Main Directorate of State Security

Agency overview
- Formed: 10 July 1934; 92 years ago20 July 1941; 85 years ago
- Preceding agencies: Cheka (1917–1922); GPU (1922–1923); OGPU (1923–1934);
- Dissolved: 3 February 1941; 85 years ago14 April 1943; 83 years ago
- Superseding agency: NKGB (1941)/(1943–1946);
- Type: Intelligence agency Secret police
- Jurisdiction: Council of People's Commissars of the Soviet Union
- Headquarters: Lubyanka Building, 2 Bolshaya Lubyanka Street, Moscow, Soviet Union;
- Agency executives: Genrikh Yagoda (1934–1936); Yakov Agranov (1936–1937); Mikhail Frinovsky (1937–1938); Lavrentiy Beria (1938); Vsevolod Merkulov (1938–1941)/(1941–1943);
- Parent agency: People's Commissariat for Internal Affairs

= Main Directorate of State Security =

Soviet national security agency (1934–1943)

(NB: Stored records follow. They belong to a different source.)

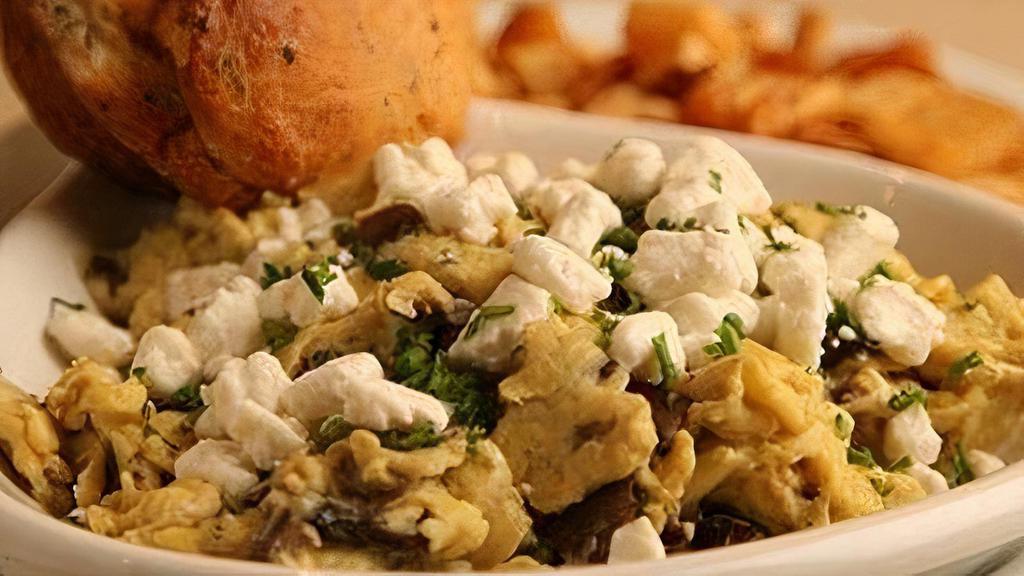 Wild Mushroom & Roasted Garlic Scramble · Wild mushrooms and garlic. folded into four scrambled eggs. with fresh goat cheese and white. truffle oil. Served with skillet potatoes. and an Everything muffin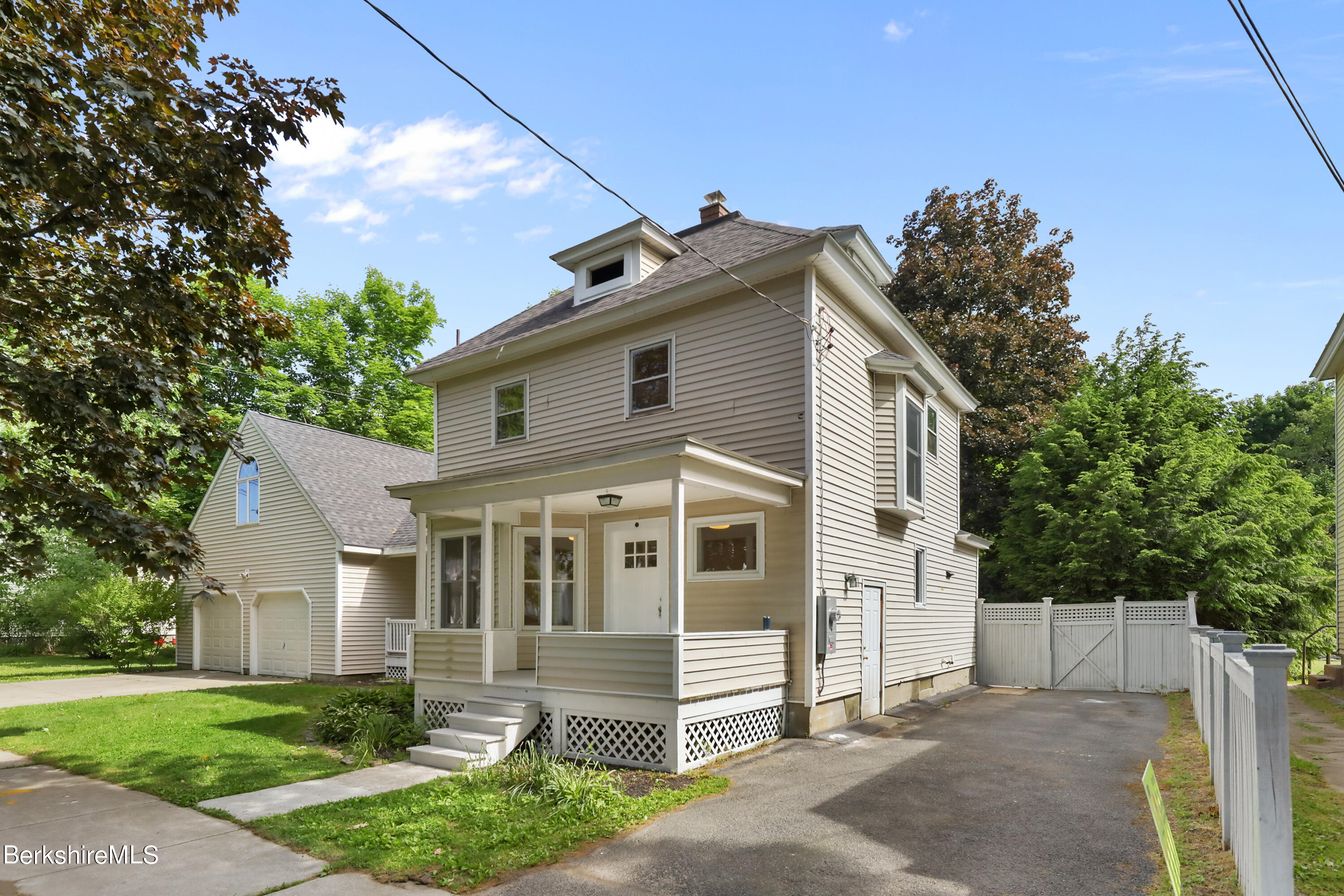 99 Lyman Street Pittsfield, MA 01201 - Photo 2 of 38 a front view of a house with a garden
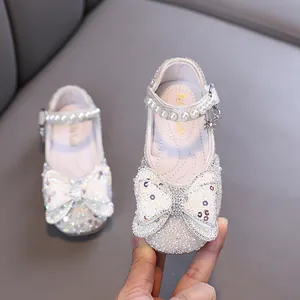 Elegant white sequined princess shoes for girls with large bow and pearl strap detail
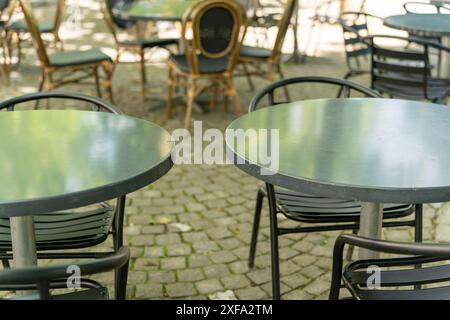 Leere Tische vor einem Café laden zum Sitzen ein, sich auszuruhen und einen Drink oder Essen zu sich zu nehmen. Niedrige Feldtiefe. Stockfoto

The Main Directorate of State Security (Glavnoe upravlenie gosudarstvennoy bezopasnosti, Главное управление государственной безопасности, ГУГБ, GUGB) was the name of the Soviet Union's most important security body within the People's Commissariat of Internal Affairs (NKVD) USSR. At the time of its existence, which was from July 10, 1934 to February 3, 1941, the GUGB reflected exactly the Secret Operational Directorate within OGPU under the Council of People's Commissars, which operated within OGPU structure from 1923 to 1931/32.
An intelligence service and secret police from July 1934 to February 1941, it was run under the auspices of the Peoples Commissariat of Internal Affairs (NKVD). Its first head was first deputy of People's Commissar of Internal Affairs (then Genrikh Yagoda), Commissioner 1st rank of State Security Yakov Agranov.

== History ==
The Main Directorate of State Security evolved from the Joint State Political Directorate (or OGPU). On February 3, 1941, the Special Sections (00) of the GUGB-NKVD (responsible for counter-intelligence in the military) became part of the Army and Navy (RKKA and RKKF, respectively). The GUGB was disbanded as an organization within NKVD USSR. The units that operated in GUGB were reorganized and made the core of the newly made People's Commissariat of State Security or NKGB.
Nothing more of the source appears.